軍縮の主張をしてきたけど、反軍的な政治家ではない犬養。インフレ政策の成功で、かなりの額を、軍に回しました。その甲斐あってか、犬養と日本軍の間は、そう悪くはなかったのです。が、2年前のロンドン海軍軍縮会議の政府調印に、怒りが収まらない者たちもいました。それが三上中尉をはじめとする、一部の若手将校たちだったのです。

先にも述べましたが、日本の社会構造は、明治から昭和初期まで、エリート層と庶民層の二層に別れて進みました。その出だしで、エリートとなる人々は、江戸時代とは、まったく違う、西洋の学問を吸収します。折しも、当時欧米を染めたのは社会主義や、共産主義。これを、精神的、学問的に輸入したのでした。

著しい貧困問題。労働問題等に携わるのは、心ある篤志家や起業家の他、宗教、そして平等と正義、権力への抵抗と開放を旨とする社会主義、共産主義者だったのです。そのため、志高く、平和や人道支援を考える者や、受け皿になろうとする団体も、自然と社会主義的な考え方に染まったのでした。

軍も社会構造の一つです。同じように、エリートと庶民層の壁がありました。ロシア革命以降、ソビエトに警戒しつつも、軍のエリート層や、憲兵のトップには、無意識に社会主義や共産主義思想が、入っていたのです。

第一次大戦による特需が終わった大正後期。日本はかつてない不況に染まっていきました。さらに金融恐慌に、昭和恐慌が続き、犬養が総理大臣になった頃は、国民の政府不信感。権力への抵抗感は強まる一方だったのです。正義感に燃える若者たちは、明治維新を起こした志士のように、現政権を倒して、自分たちの国を樹立する「昭和維新」という考えが、しみ込んだのでした。
 
ロンドン海軍軍縮会議の時、犬養は野党の党首として、条約に調印する民政党を攻撃。
さらに民政党を吊るし上げるために、「統帥権干犯」を持ち出したことで、軍を政府のコントロール下から、遠ざける状況を作りました。(これで満州事変をはじめ、いわゆる軍部の独裁が進んだのです)さらに総理になれば、予算融通。

軍から恨まれる筋はないのですが、複雑な時代背景と、青年たちを取り巻く思想誘導が絡み合い、「条約に調印した政府が悪い」と、三上中尉をはじめとする若手将校たちは、政府の長になった犬養を、暗殺対象に決めます。

1932年5月15日(日)犬養は、総理官邸で休日を過ごしていました。
17時半頃、警備が薄い官邸に、若手将校たちが乗り込み、犬養の姿を見るなり発砲。これは空砲だったため、難を逃れます。

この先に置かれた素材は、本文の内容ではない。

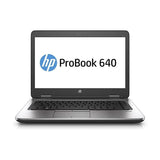 Portatil Reacondicionado Hp Probook 640 G2 I5-6300u/8gb/512gb-Ssd/14"Hd/W10p Taras Esteticas 1 Año De Garantia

ここで犬養は有名な「話せばわかる」の一言を述べると、土足で生みこんだ青年将校たちを、応接間に通しました。演説で若手将校たちを、説得する気だったのでしょう。女中のテルさんに、人数分のお茶の準備を頼み、若者たちには「靴ぐらい脱いだらどうだ」と述べて、煙草を進めたそうです。
犬養、命乞いする気はゼロ。若手将校たちの方が、興奮状態だったようでした。

「何か言い残すことはないか」という問いに、犬養が答える間もなく、「問答無用、撃て」 の声と共に、9発の銃弾が、犬養を狙ったのです。
そのうちの一発が、頭部に命中。将校たちは、官邸から出ていきました。銃声を聞いて、慌てて駆けつけたテルさんに向かって、「さっき撃った男たちを連れてこい。よく話して聞かせてやるから」と、犬養は海軍将校たちとの対話を求めたそうです。
「9発も撃って、3発しか当たらないとは、軍はどういう訓練をしているのか!」と、心配するのは、そこ?という、動かない標的すら、暗殺できない若手将校の技術の乏しさを嘆く犬養。よほど、日本の事を考えていたのでしょう。

周囲に話すほど元気でしたが、22時を回る頃、吐血。23時半を前にこの世を去りました。
これが現在出ている五・一五事件のあらましであり、高橋是清が行ったリフレ政策の効果が、顕著になる前の出来事です。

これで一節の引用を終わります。